GR - SR difference as a function of GR reflectivity (left) and SR reflectivity (right) displayed in a two-dimensional histogram for all matched volumes between 2014 and 2019. White dots indicate the median GR - SR differences per 1 dBZ bin. Colors indicate the number of samples and the vertical dashed lines the selected reflectivity thresholds for the calibration offset calculation.

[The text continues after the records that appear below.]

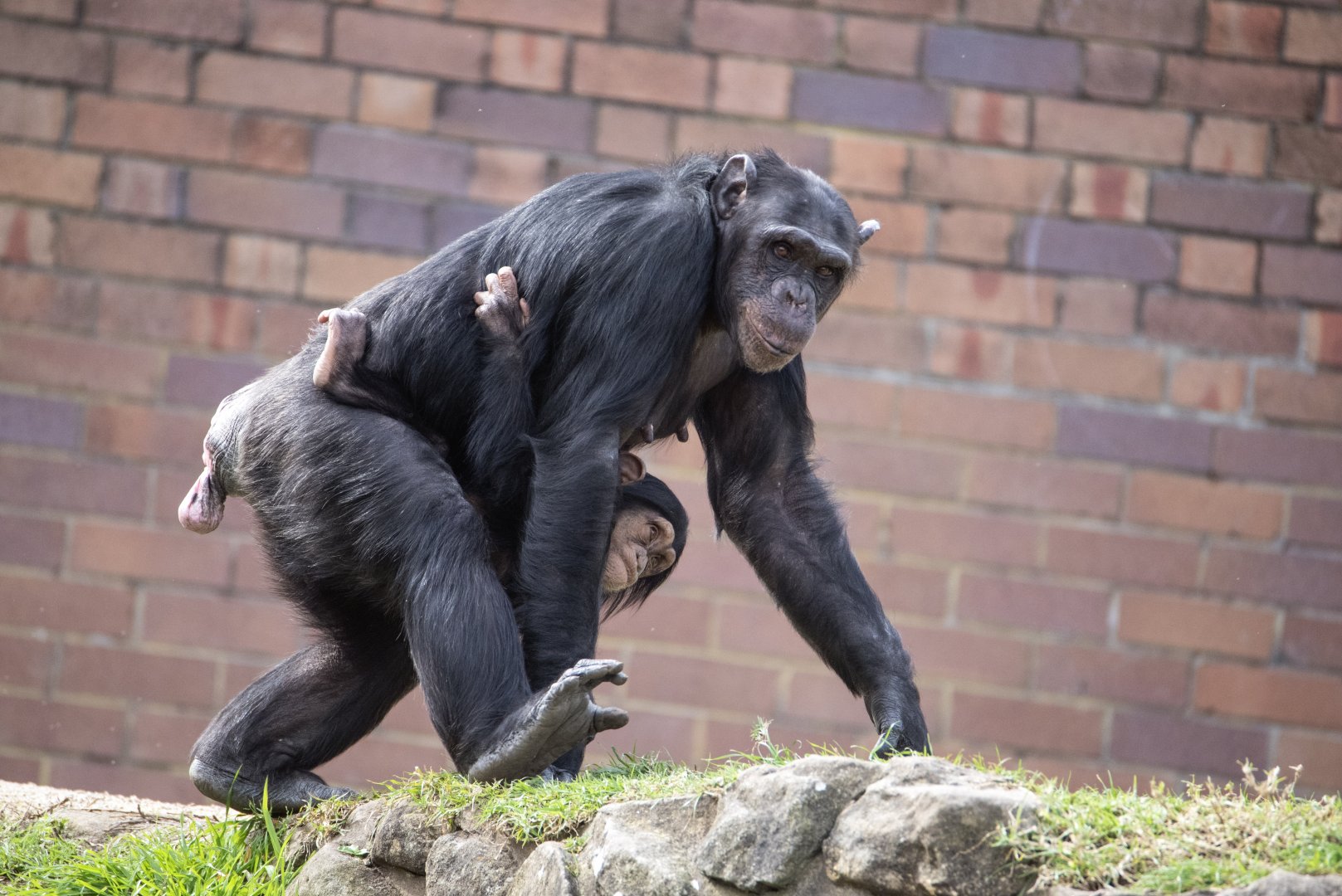 Chimpanzees 'Naomi' and 'Niambi'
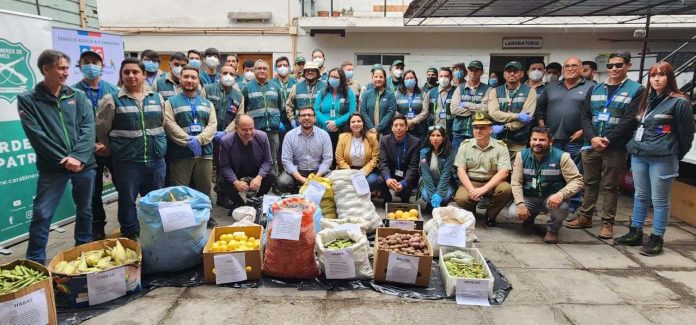 Durante el 2023 el SAG Tarapacá ha decomisado más de 220 mil unidades del producto pecuario Ingreso Clandestino: en 136% aumenta incautación de huevos de gallina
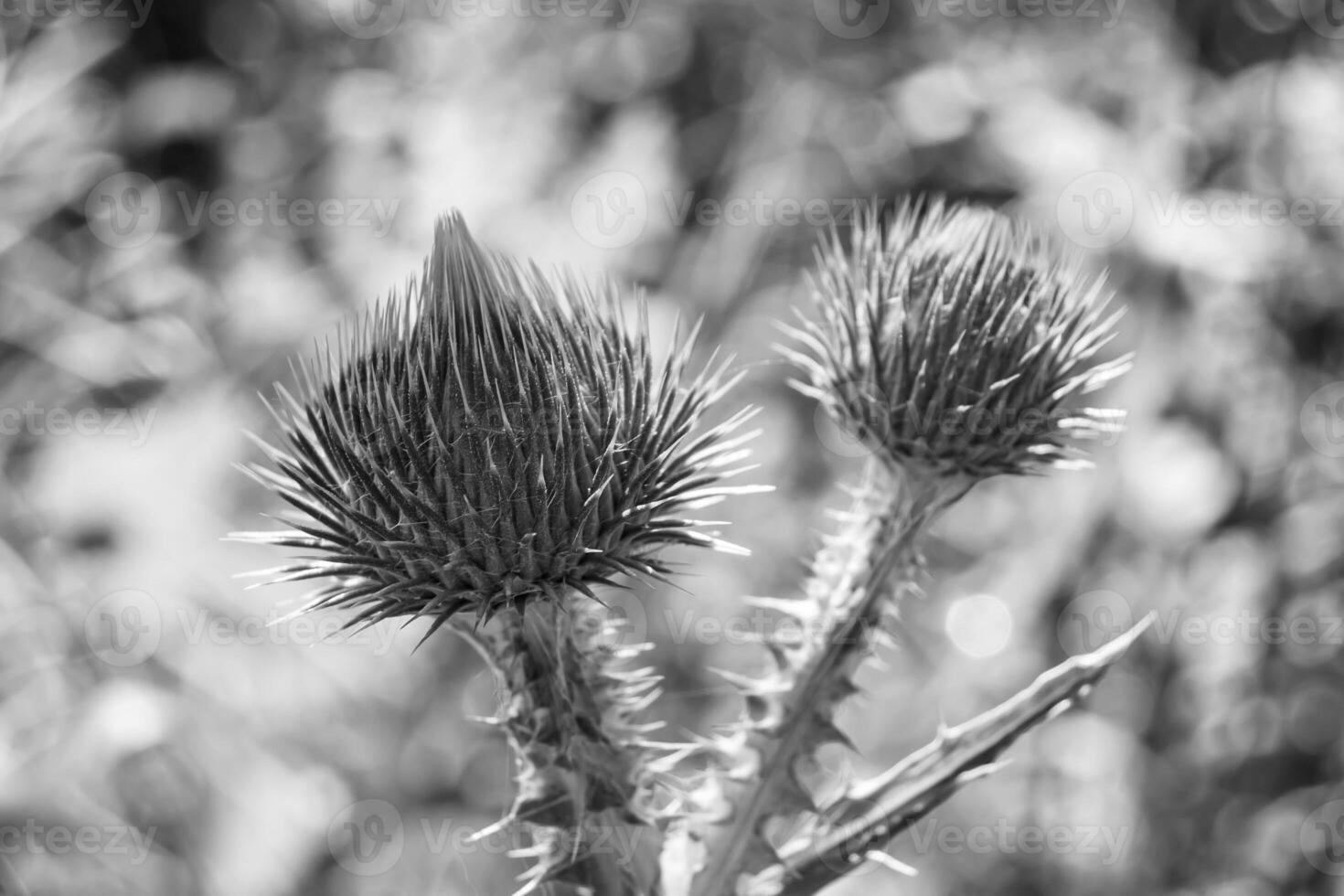 Beautiful growing flower root burdock thistle on background meadow photo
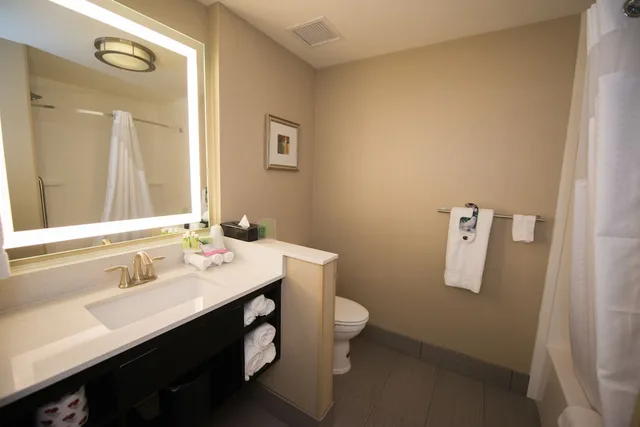 غرفة قياسية بسرير كينج، Holiday Inn Express & Suites Denver South - Castle Rock 7/7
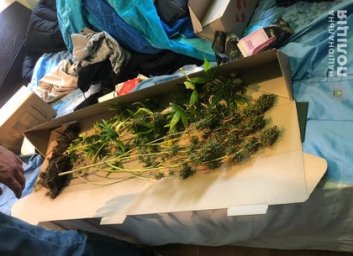 Харьковчанин хранил в доме запрещенные растения на пять лет тюрьмы (ФОТО)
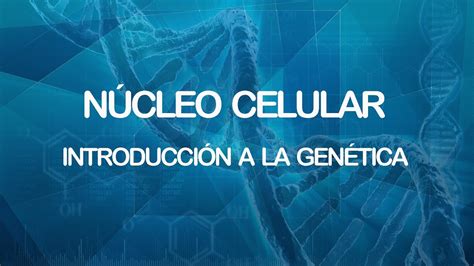 Núcleo celular | Introducción a la genética   YouTube
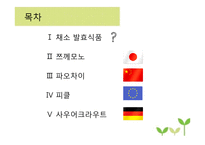 채소 발효식품 레포트-2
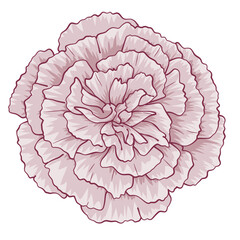 Elegant pink carnation flower vector illustration isolated on white background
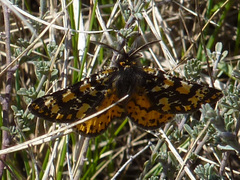 Eurranthis plummistaria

Calibration of differential reflectivity

Calibration time series for differential reflectivity ZDR are determined using the measurements in light precipitation with the birdbath scan at 90 deg elevation55,56. Since the mean canting angle of small raindrops is close to 0°, they appear spherical seen from below, which implies that both the ZV and ZH are expected to be equivalent and deviations from ZDR = 0 dB can be exploited for calibration. According to57 this can be applied to all hydrometeor classes. For our study we consider all regions except the melting layer. Azimuthal averaging has been performed to reduce noise and measurement within the first 600 meters have been excluded due to possible clutter contamination. To avoid any biases introduced by strong precipitation events and melting particles, only samples with ZH < 30 dBZ and ρHV > 0.99 have been included in the analysis. All data 250 meters above and below the freezing level are also removed. Here, the freezing level height derived from the ERA5 reanalysis is used again. To exclude turbulence, only fall velocities below 1 ms−1 are allowed. The median of remaining data points between the 10 and 90 percentile provides the ZDR offset (57,58,59, Fig. 2, bottom). Note that the calculated ZDR calibration offset illustrated in Fig. 2 and listed in Table 3 have to be subtracted from the measurements. The overall standard deviation of the ZDR offset is 0.26 dB. The standard deviations in the specific periods are within the required uncertainty range between 0.1 dB and 0.2 dB57. The daily standard deviations also satisfy this condition with the exception of a few specific days (red colored points in Fig. 2 bottom).